Ask HN: An editor that let's me write without distraction - Siah

I am a writer and I am often too distracted by things like formatting my text, pagination or things that have nothing to do with my writing like gmail notifications on my chrome. I am wondering if the HN community knows about a text editor that let's me write without much distraction. Something that has a spellchecker and a nice font and not much else. If it can shut off my internet while I am writing that would be a plus :) I used to use emacs but its font it too ugly.
======
awfabian2
<http://emacswiki.org/emacs/SetFonts>

------
cfqycwz
Writemonkey[1] is a clutter-free text editor I use for prose with a lot of
customization and power under the surface--it calls itself "zenware". I highly
recommend it.

1: <http://writemonkey.com/>

------
jnorthrop
OmmWriter (<http://www.ommwriter.com>) is my tool of choice. It will fill the
screen, block out notifications, has very few formatting options and even the
menu disappears. By default it'll play some soft music and has a "peaceful"
background but those can be removed.

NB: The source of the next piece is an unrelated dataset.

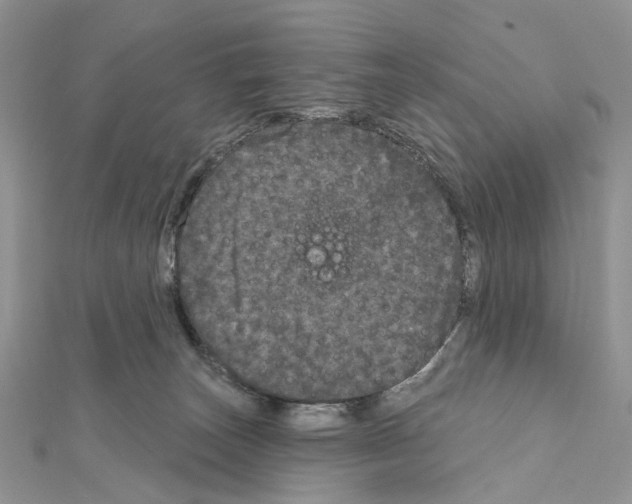 X0000111640179200908281205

It doesn't have a spell checker though.

------
Xavura
Write Room [<http://www.hogbaysoftware.com/products/writeroom/>] (Mac/iOS)

------
tonyjwang
Notepad++

Like notepad, but with basic features (tabs, indentation, syntax colors) for
virtually any language you program in.

------
adharmad
emacs darkroom mode is also nice for distraction free writing.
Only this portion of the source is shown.